While the Fab 1 could be kept up and running for another three to four years, Spalter told TheMarker.com, Tower has little incentive to keep it on life support unless the industry revives. Tower has invested $210 million in the foundry since 1995. It recently invested another $20 million in new production technologies. But if Fab 1 continues to lose money through another business cycle, the analysts predict, Tower will shut it down.

Another weak point is Tower's third-quarter results, which attest to crisis. Third-quarter sales dropped 21% from the previous quarter, and the company expects a further dip in the fourth quarter. But leading companies such as Taiwan's TSMC and UMC assess that the worst is behind the sector and expect improved results in the fourth quarter.

Fab 2, under construction, is Tower's great hope for the future. It is also a source of risk.

To date Fab 2 investors have shown a high level of commitment. All met the last milestone, Spalter notes.

The problem is that building the foundry will cost somewhere around $1.4 billion, while to date Tower has secured commitments for $1.1 billion. Not all the money in yet, and Tower needs to keep its backers from turning squeamish, specifically Macronics, QuickLogic, Alliance Semiconductor (Nasdaq:ALSC) and SanDisk (Nasdaq:SNDK). In any case Tower needs to raise another $300 million. Prices are down in the industry.

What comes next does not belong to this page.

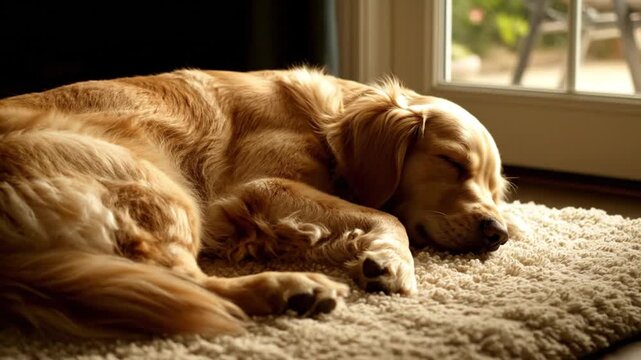 Golden Retriever dog peacefully sleeping on a plush carpet near a doorway with natural light illuminating its fur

If the investment agreements had been drawn up today, Fab 2 would valued at much less.

In a worst-case scenario some of Tower's backers might find they can't or won't fulfill their investment commitments, but that would be an extreme situation. Tower Co-CEO Yoav Nissan-Cohen also frets that the government foot-dragging on its commitments to Fab 1 will frighten jittery foreign investors in Fab 2, even though the two are unrelated.

"We don't expect the herd to flee," Spalter told TheMarker.com. "To date Tower has managed to raise money very well. We believe it will continue to do so in the future. But, there are risks."

Investors defaulting wouldn't spell doom for Fab 2, it would just mean that Tower needs to raise more money than it expects to at this point.

At its current share price, that would be a problem, unless the industry picks up. Its only tool to raise more money is its shrunken share price. Investors could find themselves diluted.

"Tower itself is an interesting case at the micro level. It's investing $1.5 billion in its new foundry while its market value has shrunk to $100 million. A mouse birthing an elephant," Spalter commented.